Every day, millions of search queries are issued to content providers ranging from all-purpose web information sites (such as Google and Yahoo!) to digital library sites (such as Europeana and TEL) to merchant sites (such as Kelkoo and PriceGrabber). These queries are a precious resource for understanding user behaviour with respect to a collection of documents. From a careful analysis of such queries, content providers can understand what is the information users are really looking for, what are the most current strategies to retrieve digital objects, and what is the degree of matching between the needs of end users and the content offered by the web site. It is thus astonishing that no single provider of services/products of log analysis ever attempted to go beyond the type of support to log analysis provided by services such as Google analytics, just to mention the most popular. These services provide tools to segment user queries in words and provide statistics about the occurrences of single words, but this is far from satisfying content provider needs:
Existing analysis tools only consider words as chains of characters. Therefore any generalization concerning searches about, for instance, “sea” and “ocean” is simply lost. Moreover all ambiguities intrinsic in language are not resolved, so that a word such as “bank” will be ranked irrespective of its meaning.
They do not perform any match between user searches and the informative backbone of the content aggregation, be it a standard classification system, subject headings, product types, or plain list of categories.
They do not provide any hint about search episodes.

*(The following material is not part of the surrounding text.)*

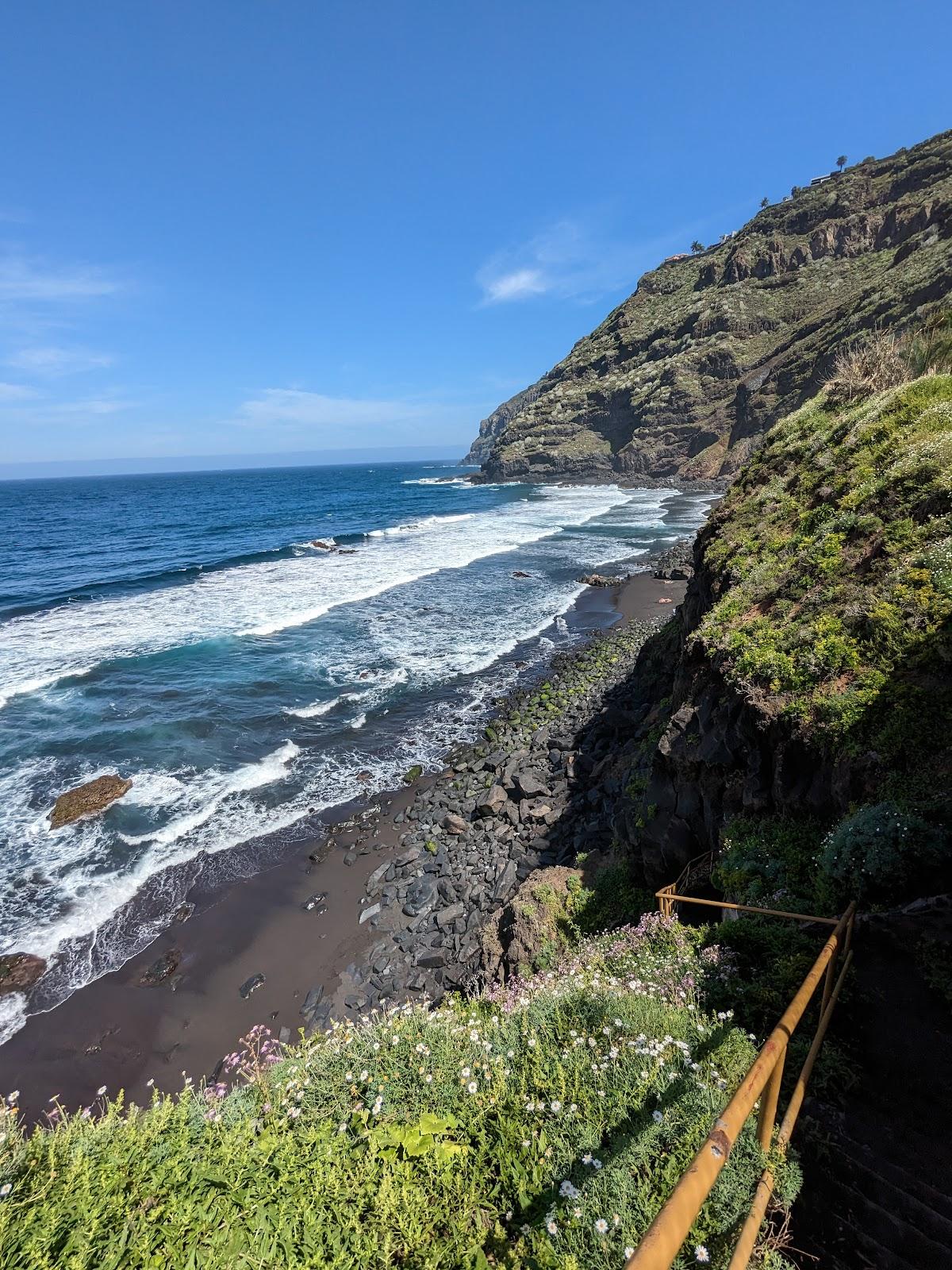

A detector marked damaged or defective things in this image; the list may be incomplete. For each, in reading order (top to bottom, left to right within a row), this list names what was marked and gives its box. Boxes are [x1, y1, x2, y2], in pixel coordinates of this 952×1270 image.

rusty metal railing [625, 895, 857, 1270]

Each search is seen as an isolated event and there is no attempt to determine sequential patterns of search activities
Queries as recorded in log files, besides being a precious resource for understanding users’ behaviours, could also become a key resource for achieving cross-lingual access to information, if we could apply to them appropriate algorithms of alignment. Indeed if one could dispose of a sufficiently large amounts of pairs of queries which are translation equivalents, it would be relatively easy to derive a machine translation system specially adapted 0to deal with queries. It would be consequently possible to set up a service for plain query translation: such a service could be accessed by any kind of monolingual search engine in order to acquire cross-language functionalities.
The objective of GALATEAS is to fill these gaps by setting up two web services:
LangLog: It will analyze transaction log containing queries to search engines for a given content provider. By applying statistical technologies coupled with language oriented services, it will produce reports concerning the informational needs of the users accessing that particular aggregation. In other words, the same way in which standard log analysis systems provide generalizations of paths of users inside a web site, LangLog will provide generalizations of the actions that information seekers perform in order to find contents inside a searchable collection of digital objects.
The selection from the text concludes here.